1 octobre 2024 • ACTUALITÉS

Cette tribune a été publiée dans une version abrégée sur le site des Echos.

Par Jean-Marc Borello, président du Directoire du Groupe SOS

Après les scandales touchant les maisons de retraite, c’est au tour des tout-petits d’être au centre des préoccupations. La parution du dernier ouvrage de Victor Castanet, Les Ogres (Flammarion), jette une lumière crue sur les dérives de certaines entreprises privées lucratives, parfois motivées uniquement par le profit, et de plus en plus implantées dans des secteurs essentiels à l’intérêt général.

Selon les définitions classiques, l’intérêt général renvoie à ce qui profite « à l’ensemble de la société, plutôt qu’à des individus ou des groupes spécifiques ». Pourtant, des secteurs comme la petite enfance, la solidarité, ou encore l’accompagnement des seniors sont de plus en plus traités comme des marchandises, où le profit l’emporte sur le bien-être des personnes concernées. Cette dérive n’est pas seulement alarmante, elle constitue une menace directe pour le tissu social.

Les Ehpad, les crèches privées, les cliniques… De récents scandales ont révélé que le secteur privé lucratif privilégie parfois la quête effrénée du profit au détriment du respect de la dignité, conduisant à des dérives inacceptables. Il serait bien sûr injuste de généraliser : des entreprises à mission et entrepreneurs à impact œuvrent avec sincérité et responsabilité, cherchant à concilier profitabilité et respect de l’intérêt général. Ces acteurs prouvent que la recherche d’un modèle économique viable peut cohabiter avec une volonté de bien-faire. Saluons ici leur engagement à faire les choses correctement.

Pour autant, si les statuts ne font pas la vertu, nous restons convaincus que certains domaines ne devraient jamais être motivés par le profit. Ils sont des piliers de notre société et doivent être préservés de la logique du marché.

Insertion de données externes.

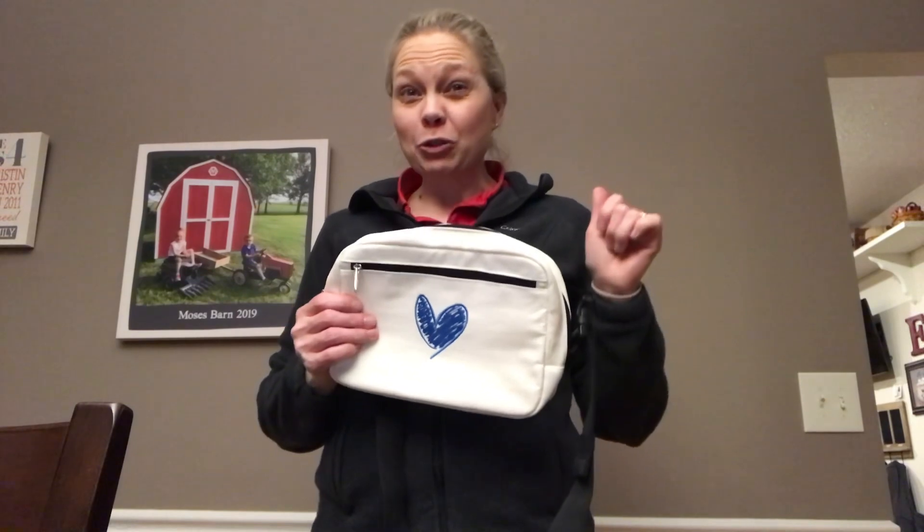Hi friends, it's Kristin. Today I'm going to show you one of our new cross bodies. This is the classic sling bag.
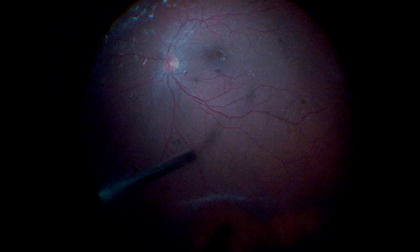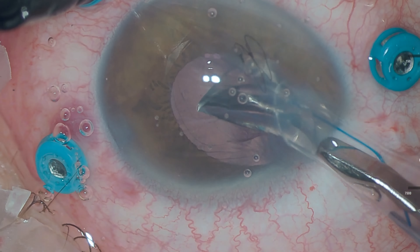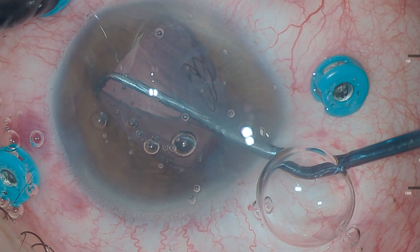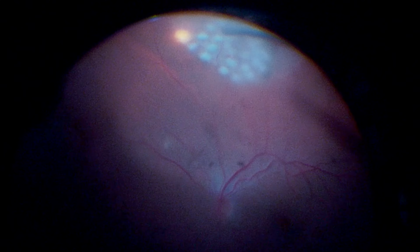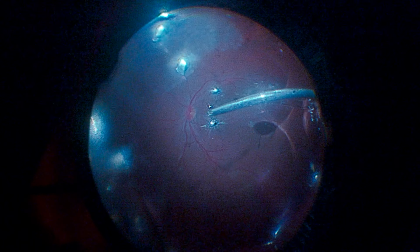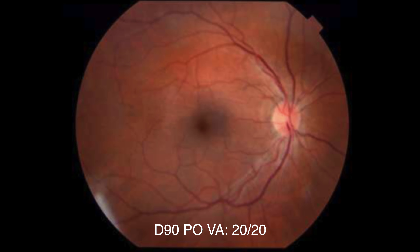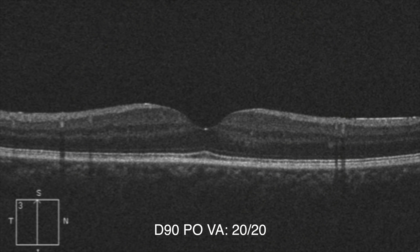Vitreous base shaving is performed and then a three-piece intraocular lens is positioned in the ciliary sulcus. Laser photocoagulation is performed in the inferior retina region and at the end of the surgery, the vitreous cavity is filled with air. We observe a good late postoperative result with complete visual recovery.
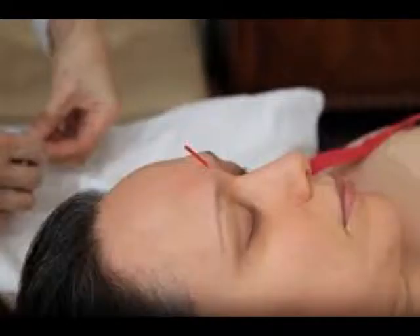Yin Tan. Este punto se conoce como tercer ojo y se coloca entre las cejas. Masajea el área y eliminará la fatiga interna rápidamente.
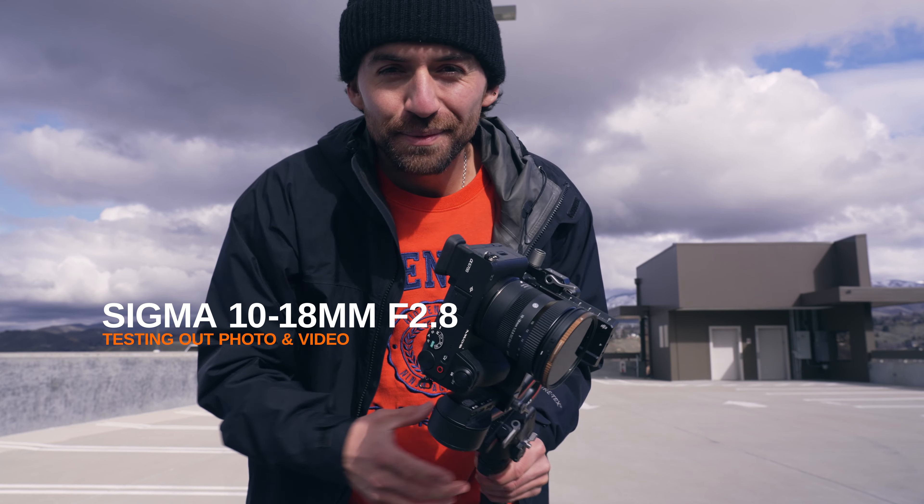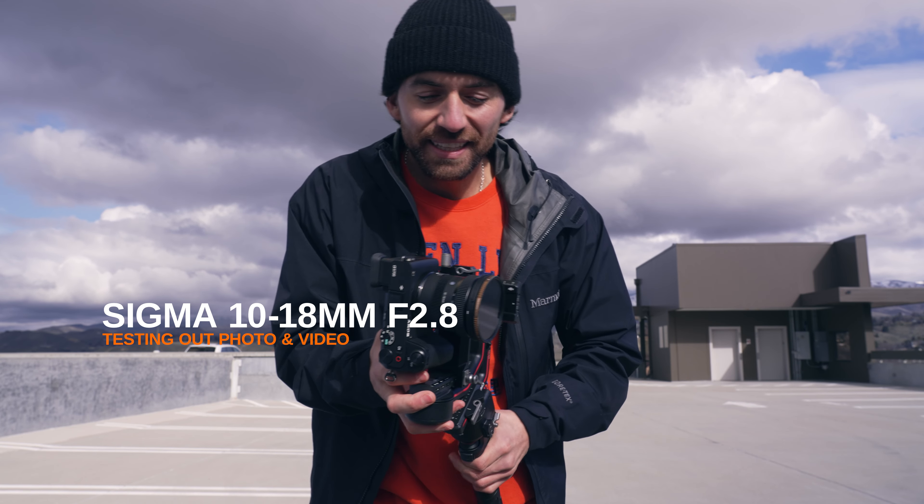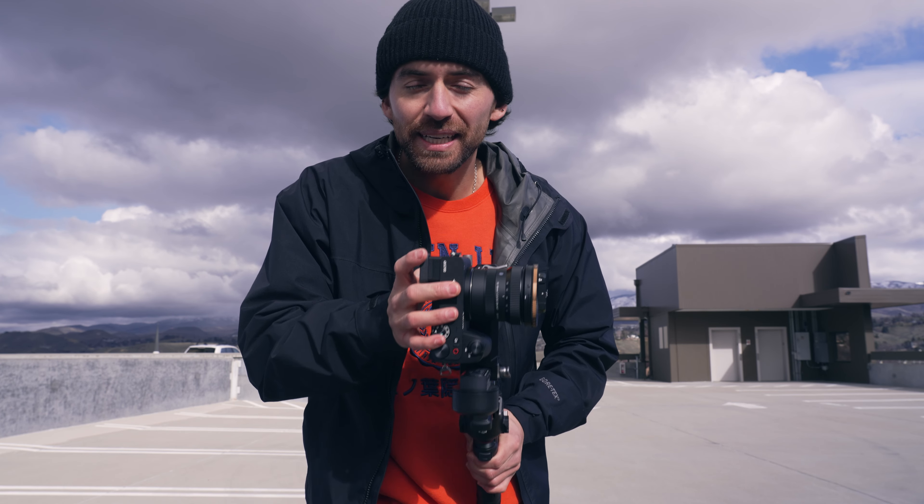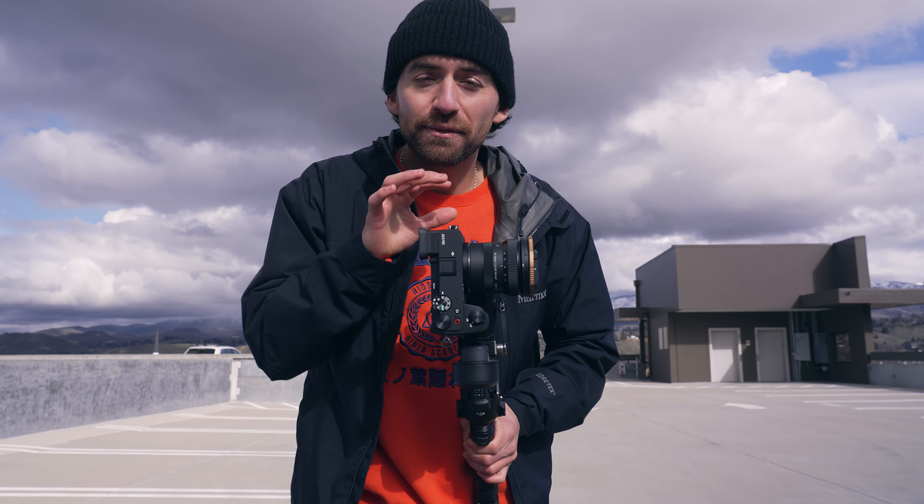What is up guys? Thank you so much for being here. So today I'm finally getting around to using the Sigma 10-18 on my Sony a6700. I'm in downtown and I'm going to be meeting up with a friend in a few minutes so she can try and help me get some cool photos and video. So let's just see what this lens can do.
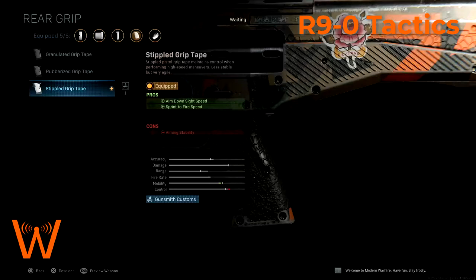The stippled grip tape increases aim down sight speed, but more importantly sprint-to-fire speed. As we're sprinting around the map, this allows us to more quickly come out of sprint and start blasting, which is important for getting up close.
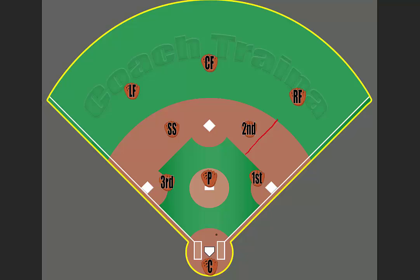This allows the second baseman to get anything hit up the middle and then be successful in being able to throw out the player running to first.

Dans ce contexte, et alors que le maillage des services publics s’affaiblit, le secteur non-lucratif émerge comme une alternative concrète. La France compte 1,5 million d’associations en activité. Souvent réduit à tort au bénévolat, le secteur associatif représente pourtant 9 % de l’emploi privé, soit plus que la construction (8,2 %) ou les transports (7,3 %). Un quart de ces associations œuvrent dans les secteurs du social, de la santé, de l’éducation ou encore de la formation et de l’insertion.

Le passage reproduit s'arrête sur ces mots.